Die Antwort könnte ein offenes Europa sein, eine neue Form von Nachbarschaft mit intensivem Austausch. Die EU-Kommission versucht, eine neue Politik zu umreißen: besseren Marktzugang, mehr Visa für junge Wissenschaftler, Berufstätige und Aktivisten. Aber da stellen sich die Nationalstaaten oft quer. Wir haben nicht nur wirtschaftliche und geostrategische Interessen in der Region, sondern auch nachbarschaftliche und kulturelle Verbindungen. Wenn hier ein internationaler Akteur ein Projekt haben sollte, dann ist das Europa.

Sind Sie optimistisch bei den Ländern, in denen die Regime bereits gestürzt wurden?

Ich bin historischer Optimist. Wir befinden uns in den ersten fünf Minuten einer historischen Stunde. Dieser Prozess wird uns mindestens eine Dekade, wenn nicht zwei beschäftigen.

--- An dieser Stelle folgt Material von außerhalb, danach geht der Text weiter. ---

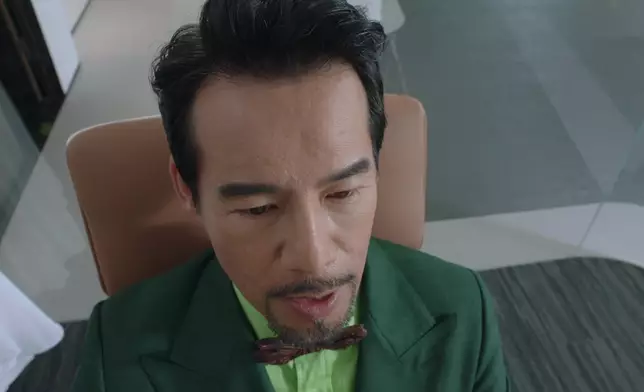 方氏陷入重大危機，羅子溢同徐榮就好開心咁食花生同搞破壞，動機不良。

Er wird blutiger und schwieriger sein als 1989. Aber das, was kommt, ist sicher besser als das, was war.

Auch wenn Islamisten an die Macht kommen?

Die größte Gefahr ist nicht, dass eine islamistische Partei Wahlen gewinnt. Gefährlich wird es, wenn die Menschen in fünf Jahren feststellen, dass sie nun zwar Demokratie haben, aber immer noch keine Jobs. Dann droht der Rückfall in Diktatur, Populismus und Gewalt.

In Ägypten gab es in dieser Woche gewaltsame Zusammenstöße…

Ägypten versinkt weder im Chaos noch im konfessionellen Bürgerkrieg. Es hat immer konfessionelle Auseinandersetzungen in Ägypten gegeben, die aber durch Repression erstickt wurden. Mit der Revolution ist der Deckel weggeflogen, und damit entfalten sich alle Kräfte, auch die üblen. Gleichzeitig ist die Polizei demotiviert und die Armee eigentlich nicht darauf vorbereitet, für innere Sicherheit zu sorgen. Letzte Woche sind einfach Dinge richtig schiefgegangen: Da lagen Nerven blank. Aber dass die Armee oder Teile der Christen diese Konfrontation geplant hätten, ist unsinnig.

Wird in Kairo Ende November gewählt?

Die Regierung muss immer nach oben schielen und schauen, ob der Militärrat einverstanden ist. Gleichzeitig ist sie von der Zustimmung der Demonstranten vom Tahrirplatz abhängig. Das Land braucht aber eine von einem gewählten Parlament legitimierte Regierung. Die Wahlen werden sich daher kaum verschieben lassen.

Volker Perthes leitet die Stiftung Wissenschaft und Politik und berät Bundesregierung und Parlament.